さらに、自動車メーカーがサブスクリプションを導入している方法を見ると、車にも広告が侵入する可能性があると思ってしまいます。
いくつかの良い前兆もあります。
数カ国の規制当局がAppleとGoogleのアプリストアの優位性に異議を唱え、この2社の独占が今後さらに弱まることを期待しています。
2社がすべてを支配してしまうと、開発者が手数料の上昇や長引く審査プロセスに苦しみ、 ユーザーにもいいことはない。アップルとグーグルがすべての糸を引いていると、イノベーションと競争は抑制されてしまう。
そして、2022年に我々が見たように、テック大手は、テック大手を不愉快にさせる者を冷酷に追いつめることができるのだ。
もうひとつの新たなトレンドは、若いユーザーの間で、広告だらけの旧SNSに対する幻滅が広がっていることです。
BeRealやMastodonのような広告のないSNSアプリの人気の高まりが、ソーシャルメディアの風景が変わる前触れなのかどうかは、まだわかりません。
しかし、いずれにしてこれはより大きな傾向の一部であるのは間違いないと思います。
Photo:Alex Knight/Unsplash
最後に、人工知能を搭載したツールの普及について触れないわけにはいきません。
今や誰もが、そしてその家族も、テキストから画像を生成するアプリや、AIを搭載した写真編集アプリで遊んでいるようです。
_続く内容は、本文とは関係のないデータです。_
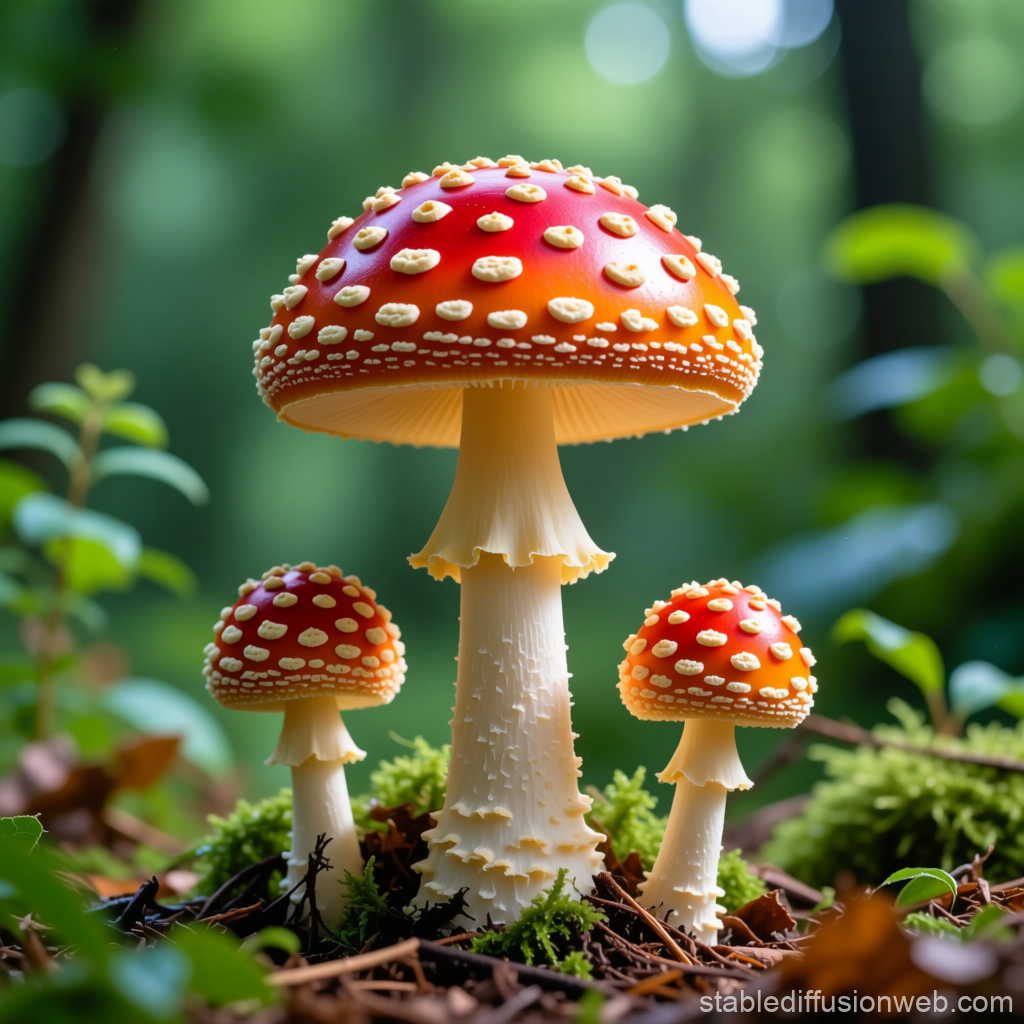 Vibrant Red Fly Agaric Mushrooms in Forest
私たちも、クールな技術であることに同意し、同様に遊んでみましました。
しかし、GitHubのAI搭載プログラミングアシスタントCopilotのケースのように、AIHA著作権や個人情報を含む膨大なデータを勝手に使って訓練したりするという“闇”もあります。
倫理的・法的に問題があることに加え、AIはプライバシー・セキュリティに対する脅威でもあるのです。
話題となったのは:イーロン・マスク、マーク・ザッカーバーグ...と、Internet Explorer?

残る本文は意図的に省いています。